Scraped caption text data
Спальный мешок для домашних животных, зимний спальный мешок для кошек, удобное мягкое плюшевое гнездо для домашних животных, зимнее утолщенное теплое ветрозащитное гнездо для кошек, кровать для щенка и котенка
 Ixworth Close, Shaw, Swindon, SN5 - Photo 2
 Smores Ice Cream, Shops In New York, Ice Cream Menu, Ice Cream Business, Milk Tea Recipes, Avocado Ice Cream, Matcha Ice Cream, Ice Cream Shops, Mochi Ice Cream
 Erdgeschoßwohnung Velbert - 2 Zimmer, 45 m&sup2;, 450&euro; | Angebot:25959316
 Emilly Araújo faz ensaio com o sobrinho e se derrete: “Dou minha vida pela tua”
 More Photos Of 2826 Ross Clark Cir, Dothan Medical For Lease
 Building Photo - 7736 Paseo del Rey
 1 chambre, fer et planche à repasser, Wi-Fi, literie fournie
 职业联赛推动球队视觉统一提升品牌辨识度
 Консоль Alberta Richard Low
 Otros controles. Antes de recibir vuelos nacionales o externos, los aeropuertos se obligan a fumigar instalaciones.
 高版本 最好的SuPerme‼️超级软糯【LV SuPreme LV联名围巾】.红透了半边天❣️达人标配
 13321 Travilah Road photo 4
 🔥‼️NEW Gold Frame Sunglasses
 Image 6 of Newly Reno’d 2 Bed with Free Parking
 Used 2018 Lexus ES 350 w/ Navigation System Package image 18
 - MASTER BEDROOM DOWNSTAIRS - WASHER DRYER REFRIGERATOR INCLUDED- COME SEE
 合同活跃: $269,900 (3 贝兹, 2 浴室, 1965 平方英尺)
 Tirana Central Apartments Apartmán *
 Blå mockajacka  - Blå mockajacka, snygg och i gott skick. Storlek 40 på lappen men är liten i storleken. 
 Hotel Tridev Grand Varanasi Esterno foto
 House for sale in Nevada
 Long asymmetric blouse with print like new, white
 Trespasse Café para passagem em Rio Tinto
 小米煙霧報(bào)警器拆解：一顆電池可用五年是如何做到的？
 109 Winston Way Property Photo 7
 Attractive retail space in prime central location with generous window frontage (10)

Brief:
Output exactly the lines above, from the one holding "Hotel Tridev Grand Varanasi Esterno foto" through the end of the data, including the first and last.

Problem solution:
 Hotel Tridev Grand Varanasi Esterno foto
 House for sale in Nevada
 Long asymmetric blouse with print like new, white
 Trespasse Café para passagem em Rio Tinto
 小米煙霧報(bào)警器拆解：一顆電池可用五年是如何做到的？
 109 Winston Way Property Photo 7
 Attractive retail space in prime central location with generous window frontage (10)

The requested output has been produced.